**Activity**
Return, exactly and in full, the lines of the records below starting at the one with "The best form" and ending at the one with "Figure 1. Schematic", and no other lines.

**Records supplied**
________
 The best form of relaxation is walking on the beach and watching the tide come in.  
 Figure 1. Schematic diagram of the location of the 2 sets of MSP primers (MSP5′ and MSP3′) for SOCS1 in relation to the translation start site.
________
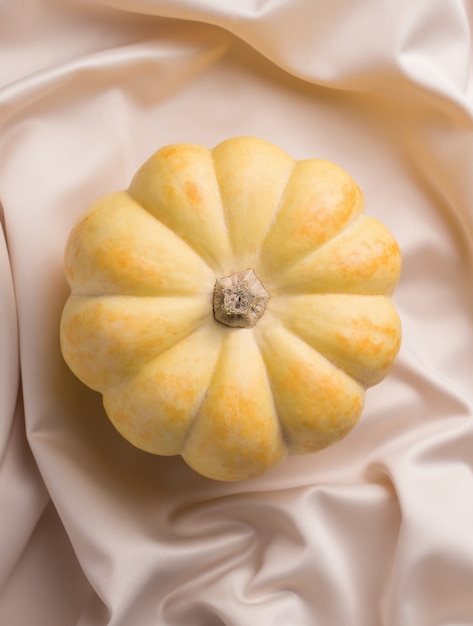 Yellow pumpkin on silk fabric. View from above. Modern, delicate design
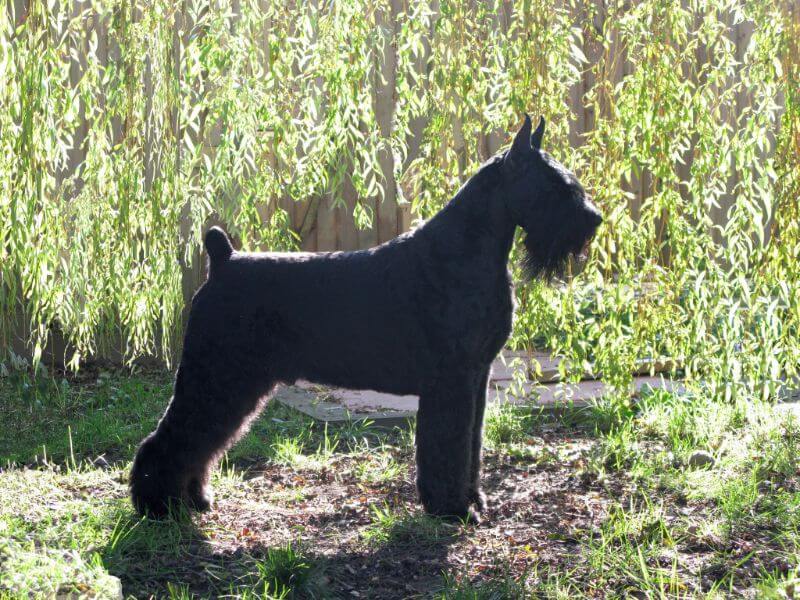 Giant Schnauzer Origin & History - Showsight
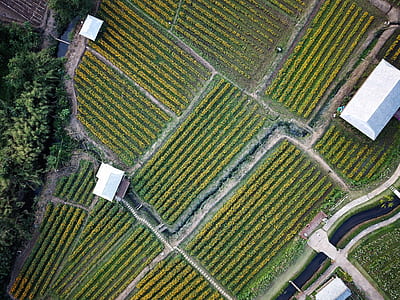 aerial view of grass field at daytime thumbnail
________
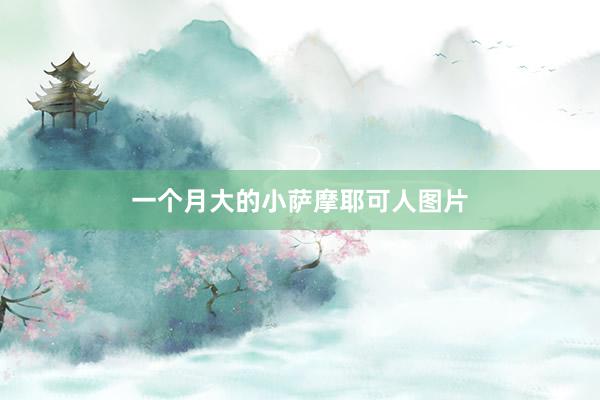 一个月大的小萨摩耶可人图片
________
**Response area**
 The best form of relaxation is walking on the beach and watching the tide come in.  
 Figure 1. Schematic diagram of the location of the 2 sets of MSP primers (MSP5′ and MSP3′) for SOCS1 in relation to the translation start site.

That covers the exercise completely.